Déployant ici le même art insidieux que dans Rosemary’s Baby, Ira Levin laisse monter peu à peu en son héroïne – et en nous – une véritable angoisse. Et, lorsque Joanna tente de fuir Stepford sous la neige, à travers les bois, l’extraordinaire suspense est à son comble. Ce roman plein de cruauté, mais parfois aussi d’humour, décrit avec une rare intensité le cauchemar aseptisé et climatisé qui, dans leur vie quotidienne, guette les Américains d’aujourd’hui - et les européens de demain.

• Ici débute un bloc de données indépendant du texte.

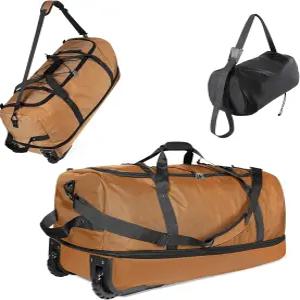 로마타임 32인치 소프트 사이드 접이식 휠드 더플백 110L 확장형 140L 롤링 여행 가방 어울리는 수납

Ce nouvel ouvrage de l'auteur de Rosemary's Baby ne déçoit pas, bien que le thème soit beaucoup plus terre-à-terre et la terreur plus feutrée. A première vue, c'est l'illustration de Caza qui m'a déçu ; mais, après lecture, on comprend le pourquoi de ces seins agressivement sphériques et de cette chevelure blonde faite de copeaux de métal. Sont-elles conditionnées ou carrément remplacées par des automates, les femmes de cette petite ville provinciale, si préoccupées de tenir à la perfection leur « intérieur » et leur... extérieur qu'elles n'ont plus aucune vie personnelle ? Celle qui pourrait répondre, Joanna, l'héroïne, n'a pu finalement éviter le piège qu'elle avait senti ; et celle qui reste encore normale à la fin ne le verra pas parce que, Noire, le racisme lui cache le sexisme, Alors, peut-être science-fiction, mais peut-être portrait satirique, prémonitoire mais à peine extrapolé, de la femme d'Outre-Atlantique (et d'outre-Rhin, donc !) si efficacement décervelée qu'elle en vient à ressembler à l'image « idéale » d'elle-même que lui propose/impose la publicité : maîtresse de maison mettant toute sa fierté dans ses talents de consommatrice avisée, et amante mettant toute sa confiance dans le sex-appeal en bouteilles (selon le tout récent Captains of Consciousness de Stuart Ewen).